The frequency of β variants has approached fixation in the SARS-CoV-2 population worldwide (Fig 3B). However, this increase has occurred concomitantly with, or possibly driven by, their descendant lineages (Fig. 3c). One lineage from proCoV2μαβ was founded by three mutations (ε) of the nucleocapsid protein (N) protein and first seen in genomes sampled on pandemic day 54 in Europe. This lineage (proCoV2μαβε) has become dominant in the European region to the point of almost wholly replacing all other lineages (Fig. 3e). All three ε mutants occur in adjacent codons of the N protein and are non-synonymous changes involving the Arginine residues. The net result of the three ε mutations is the gain of an Arginine, which increases the positive charge of the protein, an essential property for the N protein’s nucleic acid binding function that is critical for virus transcription and assembly35. Because all three ε variants are always found together and are increasing in frequency in Asia and Europe, they may have hitchhiked with or may have driven the increase in the frequency of the Spike p.D614G variant.
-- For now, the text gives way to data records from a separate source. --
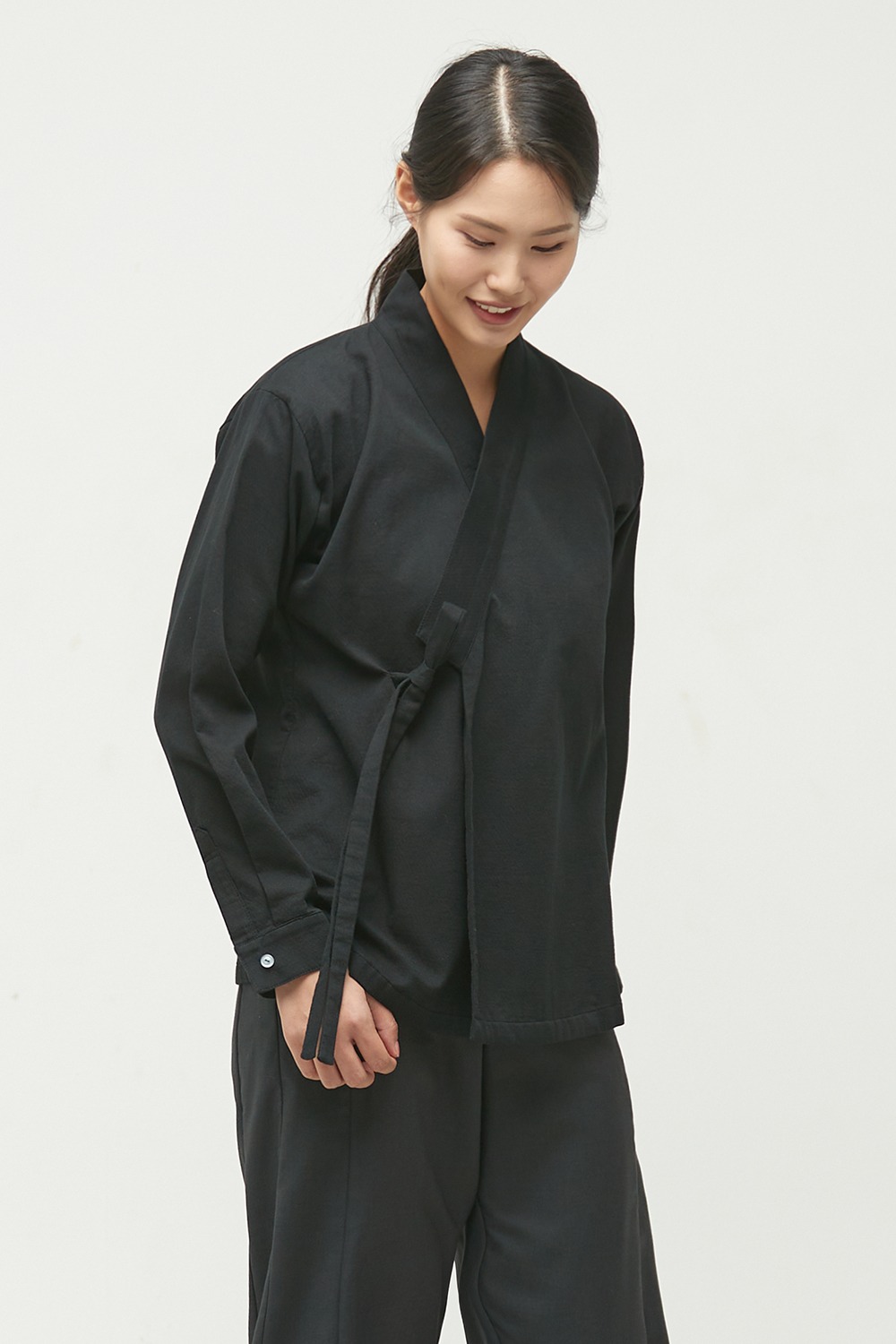 WOMEN’S WARM Jikryeong Shirts Jeogori [Black]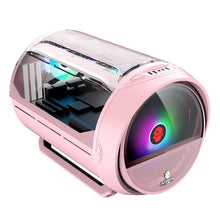 Load image into Gallery viewer, GAMEKM Genki Bomb Personality Gaming Internet Cafe Side Through Gaming Case USB 3.0 Water-cooled Desktop Computer Case, White, Pink, Black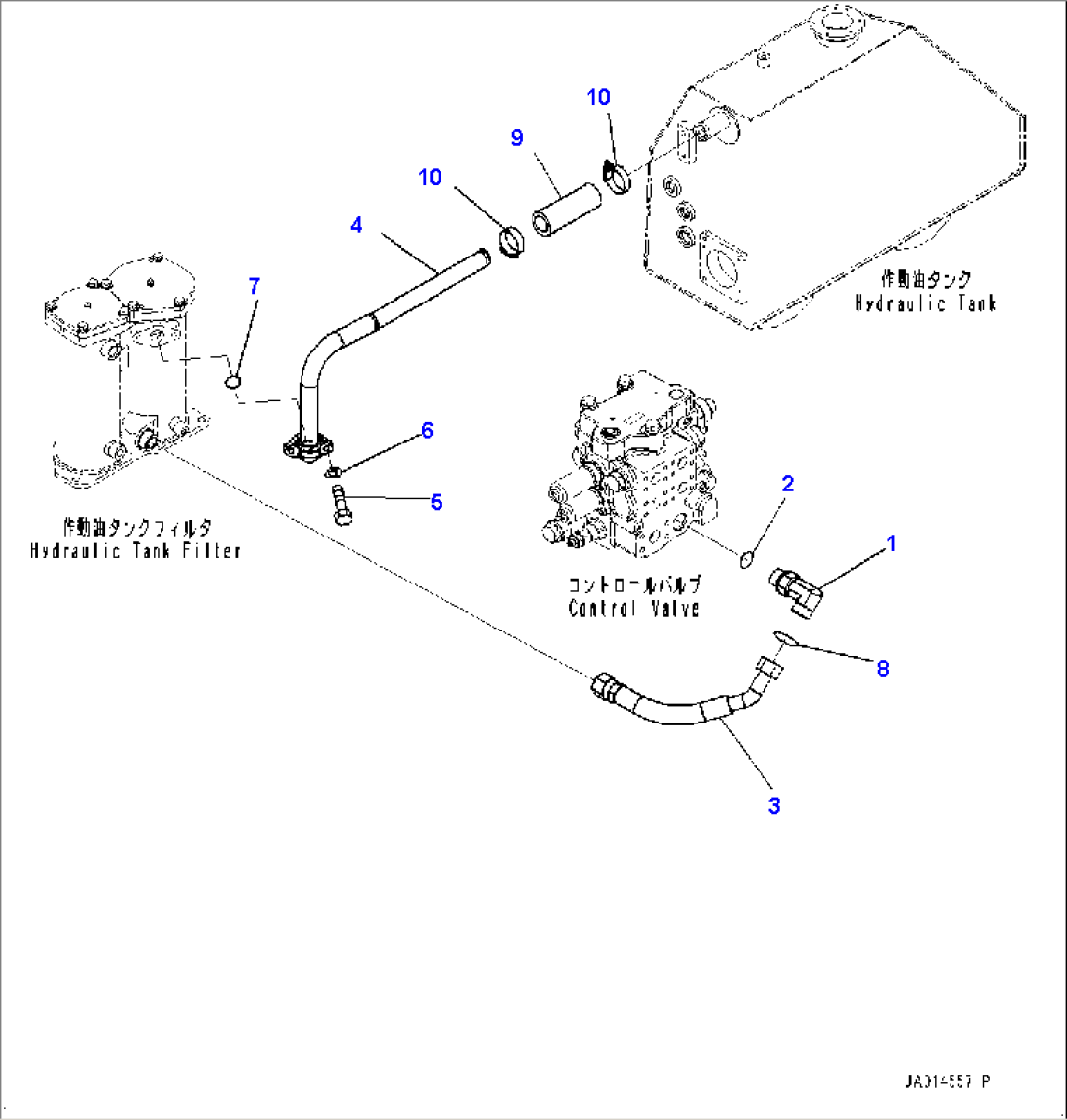Hydraulic Pump Piping, Filter Piping (#10001-)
The second evolutionary lineage to emanate from proCoV2μαβ was founded by a mutation (γ) that, along with its descendant genome containing a δ mutation, gave rise to the most common coronaviruses in North America today (Fig. 3f). The γ variant was first detected on day 41 in Saudi Arabia (98 samples). The δ variant was first found in Singapore on pandemic day 54 (25 samples). They both appeared in Europe on pandemic day 59, underwent a limited spread for a few weeks, but did not become common (Fig. 3e). Because neither of these variants was detected in China until later (pandemic day 79), they may have originated in other regions of the world.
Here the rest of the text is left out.